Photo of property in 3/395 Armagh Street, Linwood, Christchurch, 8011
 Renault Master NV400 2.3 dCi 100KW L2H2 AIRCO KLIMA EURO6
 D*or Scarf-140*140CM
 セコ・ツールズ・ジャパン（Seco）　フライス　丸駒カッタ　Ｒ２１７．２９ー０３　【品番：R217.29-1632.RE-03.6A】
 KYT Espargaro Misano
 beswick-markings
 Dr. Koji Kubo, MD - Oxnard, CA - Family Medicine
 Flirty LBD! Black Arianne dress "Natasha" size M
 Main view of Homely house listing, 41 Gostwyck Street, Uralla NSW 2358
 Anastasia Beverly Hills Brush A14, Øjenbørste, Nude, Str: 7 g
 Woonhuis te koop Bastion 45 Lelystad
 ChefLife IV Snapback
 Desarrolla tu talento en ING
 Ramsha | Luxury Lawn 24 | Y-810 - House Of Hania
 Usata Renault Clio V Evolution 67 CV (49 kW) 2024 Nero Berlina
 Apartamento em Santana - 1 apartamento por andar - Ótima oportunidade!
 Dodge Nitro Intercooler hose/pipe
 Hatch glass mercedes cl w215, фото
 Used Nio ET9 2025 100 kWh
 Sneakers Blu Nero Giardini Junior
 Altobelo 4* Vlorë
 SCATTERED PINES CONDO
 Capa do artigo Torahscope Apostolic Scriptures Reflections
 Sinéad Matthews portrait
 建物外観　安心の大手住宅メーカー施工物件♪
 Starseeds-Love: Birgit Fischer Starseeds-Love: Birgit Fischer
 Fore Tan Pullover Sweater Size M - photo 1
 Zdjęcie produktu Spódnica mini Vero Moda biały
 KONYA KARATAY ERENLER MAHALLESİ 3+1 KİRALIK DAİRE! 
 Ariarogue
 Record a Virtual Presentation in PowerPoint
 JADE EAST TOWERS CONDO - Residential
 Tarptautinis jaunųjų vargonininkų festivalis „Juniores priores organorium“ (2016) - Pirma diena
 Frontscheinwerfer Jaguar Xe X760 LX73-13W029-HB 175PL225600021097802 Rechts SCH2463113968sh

- - -

▸ **Exercise aim**: In the entries above, find lines with "CONDO" and copy each.

▸ **Solution**:
 SCATTERED PINES CONDO
 JADE EAST TOWERS CONDO - Residential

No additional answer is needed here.